De los 10 republicanos a favor del juicio político, seis decidieron no volver a postularse para el cargo, y hasta ahora solo uno ha superado las primarias, el representante de California. David Valadao. Al igual que con las contiendas de Newhouse y Beutler, la contienda de Valadao fue una de las llamadas “primarias de la jungla” en la que se presentan todos los candidatos de todos los partidos, a diferencia de una primaria partidista.
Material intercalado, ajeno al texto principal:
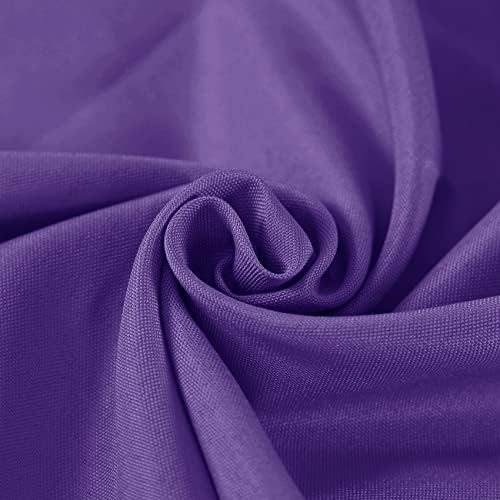 Fokitut 2 Pack Waterproof Rectangle Tablecloth, 60x120 Inch,Stain Resistant and Wrinkle Polyester Table Cloth, Fabric Table Cover for Kitchen Dining, Wedding, Party, Holiday Dinner-Purple - Image 4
En Michigan, Rep. Peter Meijer pagó por su voto de juicio político al perder su primaria el martes ante John Gibbs, respaldado por Trump.

“Te dice que no hay un gran apetito entre los votantes republicanos para apoyar a los republicanos que están en contra de Trump”, dijo Andy Surabian, estratega republicano que fue funcionario de la Casa Blanca de Trump.

“Describiría lo que sucedió en Arizona y Michigan como anti-Georgia. Anoche demuestra que la narrativa de los medios de Georgia, que Trump estaba perdiendo su influencia, estaba completamente equivocada”, dijo. “Hubo factores locales en juego en Georgia: la calidad del candidato más que nada. Los resultados primarios desde entonces han mostrado claramente el poder único de Trump y su respaldo”.

Los demócratas, sin embargo, no ven ningún poder de permanencia en esos respaldos.

Pamela Pugh, una demócrata que forma parte de la Junta de Educación del Estado de Michigan, se hizo eco de las opiniones de otros demócratas en estados indecisos al predecir que la participación de Trump y la naturaleza extremista de algunas de sus elecciones perjudicarán a los republicanos en noviembre.

“Los demócratas están listos para el combate”, dijo Pugh.